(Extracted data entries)

☆ ☆ ☆ ☆ ☆ ☆ ☆

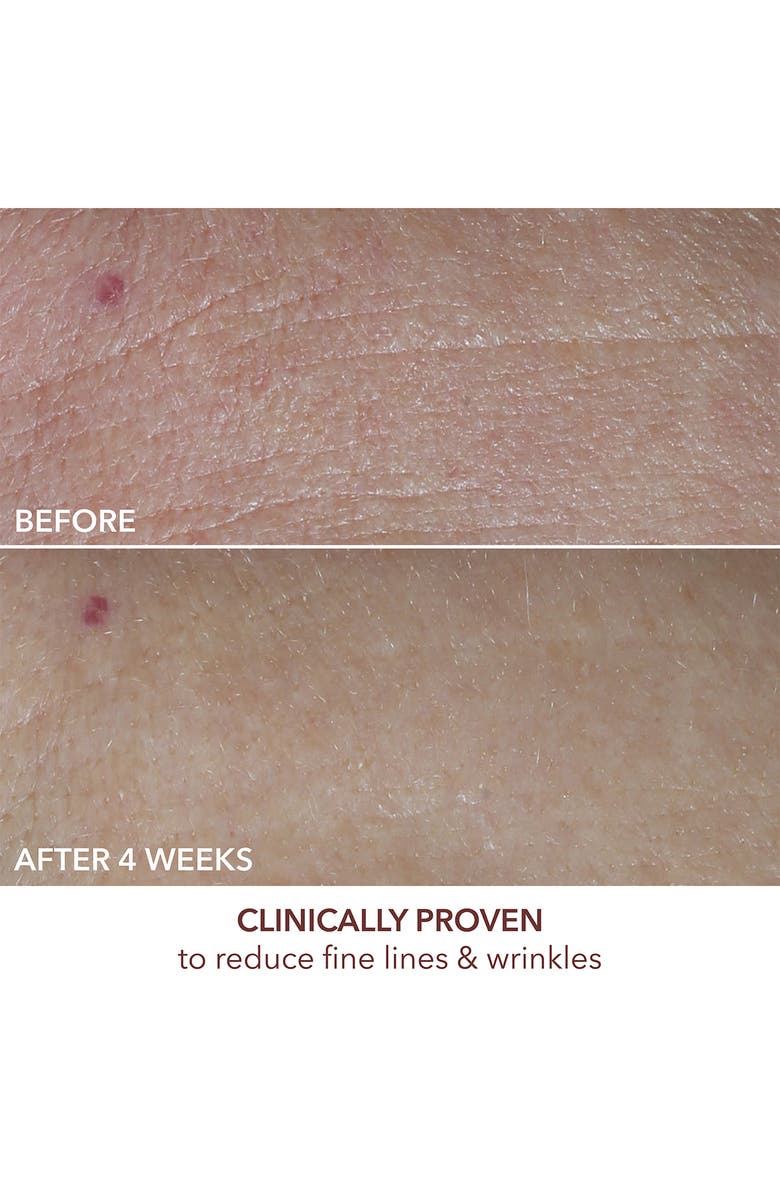 Dr. Dennis Gross Skincare Advanced Retinol + Ferulic Overnight Texture Renewal Peel, Alternate, color,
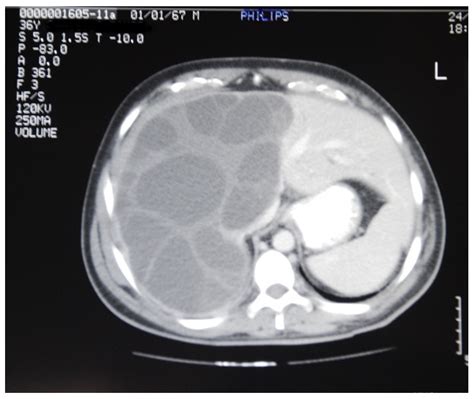 Medicina | Free Full-Text | Reaching the Challenging Diagnosis of ...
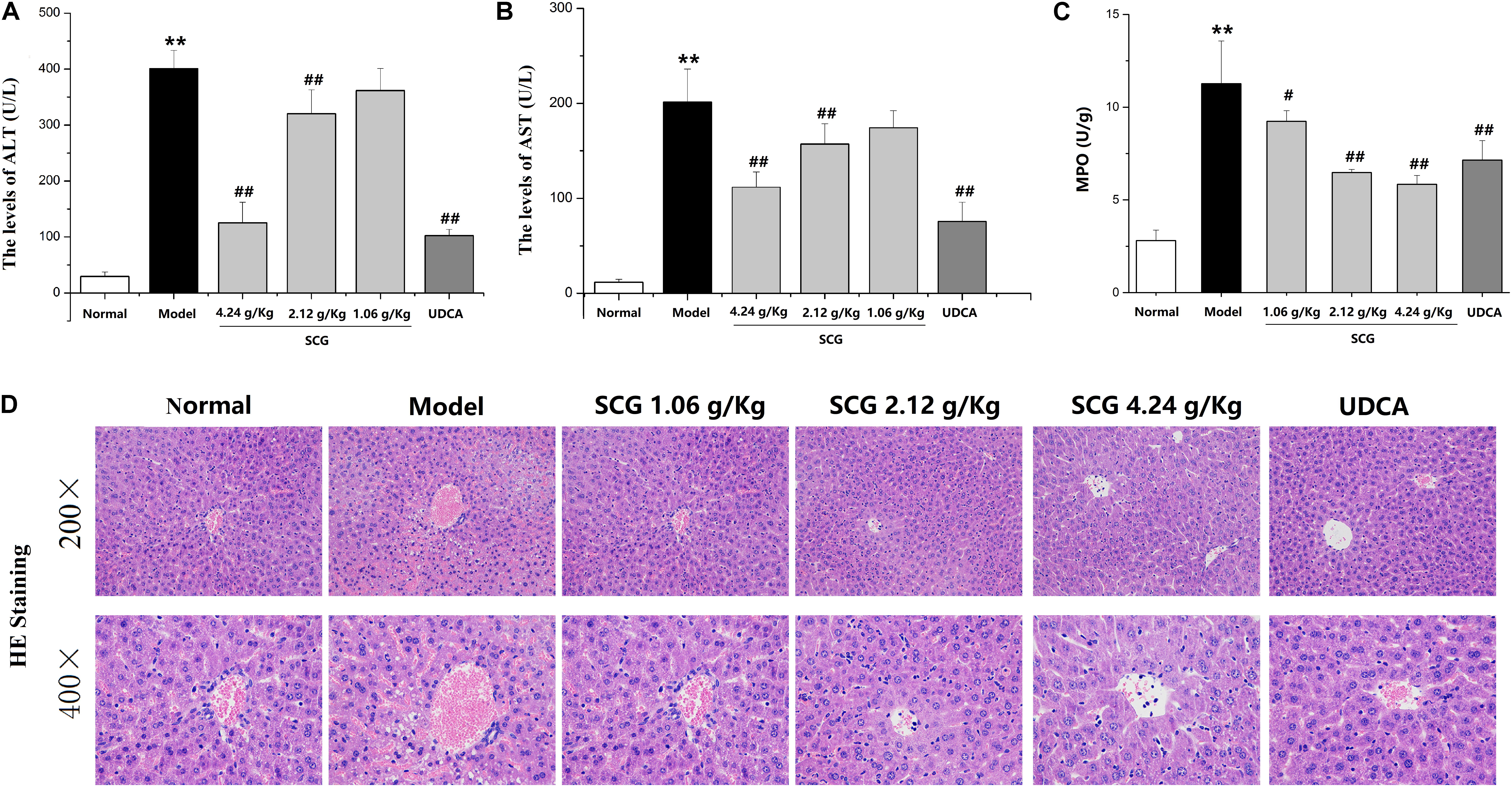 Frontiers | Hepatoprotective Effect of San-Cao Granule on Con A 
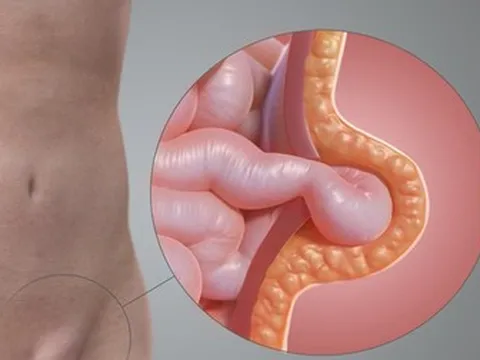 Căn bệnh ở vùng kín khiến người đàn ông suýt hoại tử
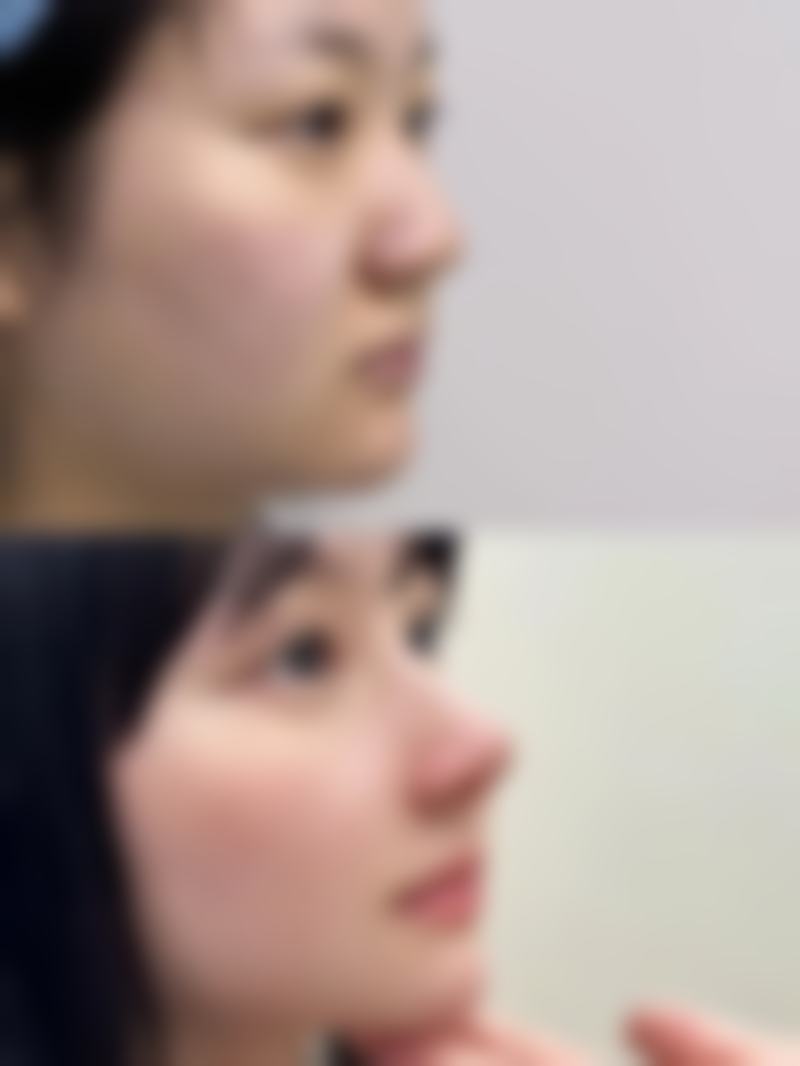 双眼皮第十二天怎么还是肿呢？术后肿胀原因、自测及改善方案全揭秘！ 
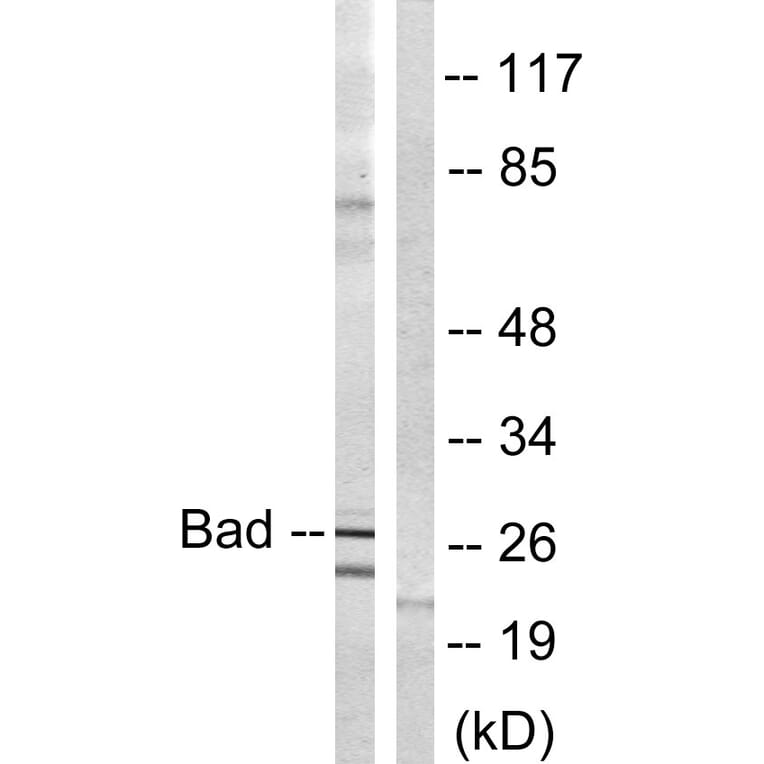 Western Blot - Anti-BAD Antibody (B0822) - Antibodies.com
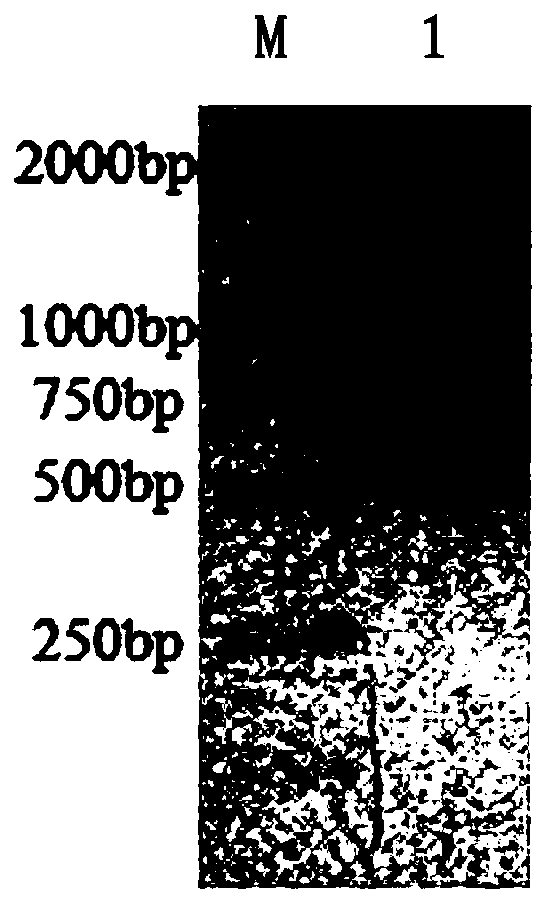 A kind of anti-carcinoembryonic antigen nanobody and its application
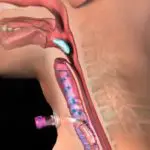 Clinical relevance of the sensorimotor pathways in  dysphagia management following tracheostomy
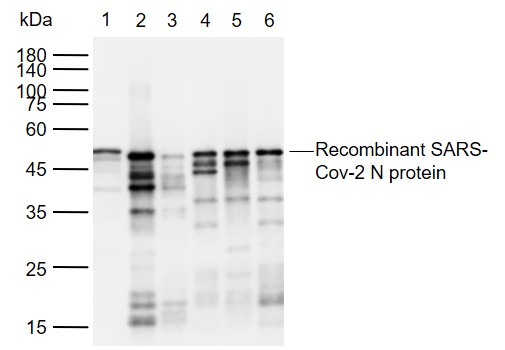 1 - SARS-CoV-2 (2019-nCoV) Nucleocapsid Mouse mAb AP94718
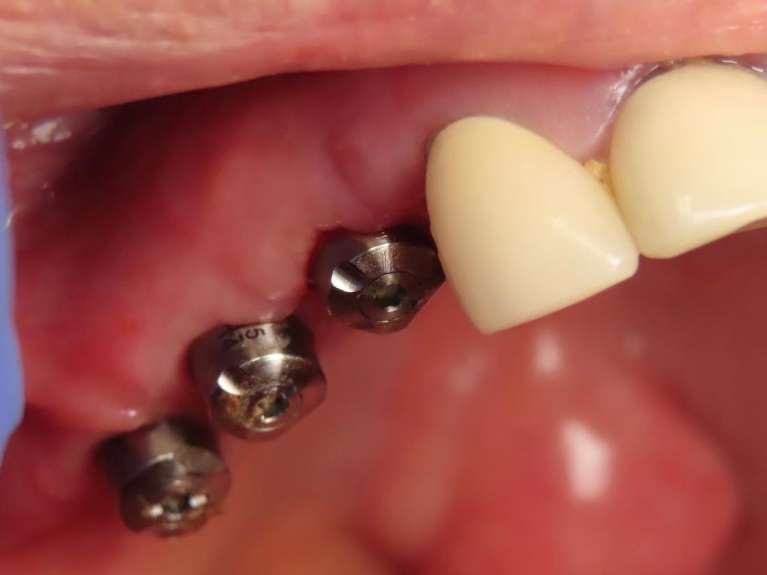 dental implants before crowns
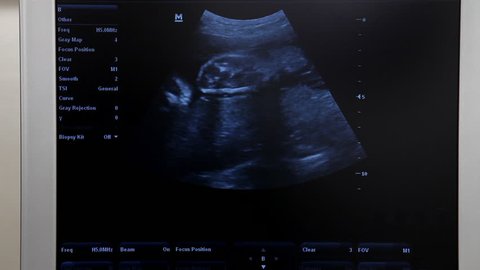 A 4d Ultrasound Of A Video De Stock 100 Libre De Droit Shutterstock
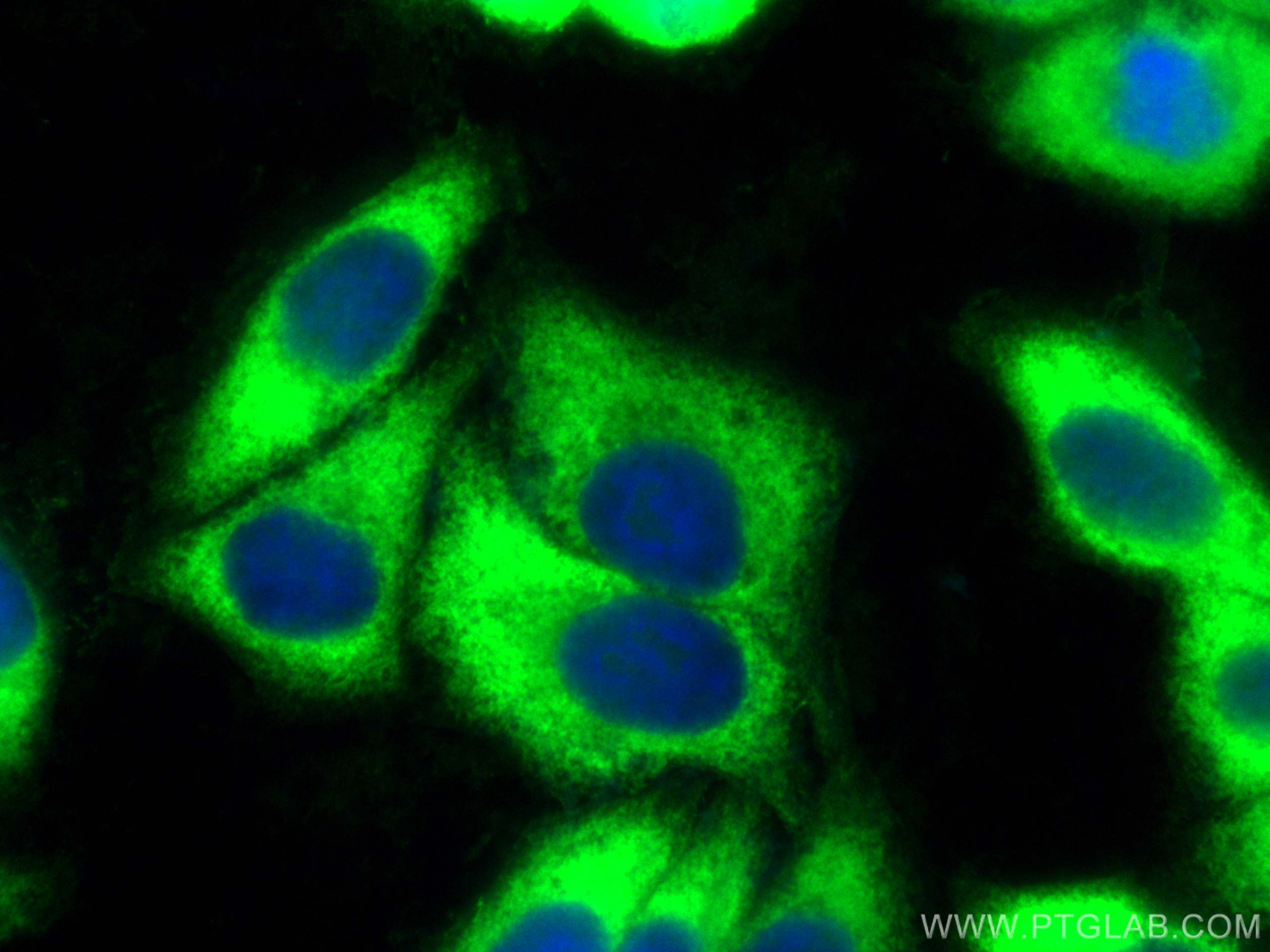IF Staining of HepG2 using CL488-11402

☆ ☆ ☆ ☆ ☆ ☆ ☆

#### [Task to carry out]
Once you reach the line containing "1 - SARS-CoV-2", print it and every line after it exactly, through the end of the entries, without any pictures.

#### [Solution for this problem]
 1 - SARS-CoV-2 (2019-nCoV) Nucleocapsid Mouse mAb AP94718
 dental implants before crowns
 A 4d Ultrasound Of A Video De Stock 100 Libre De Droit Shutterstock
IF Staining of HepG2 using CL488-11402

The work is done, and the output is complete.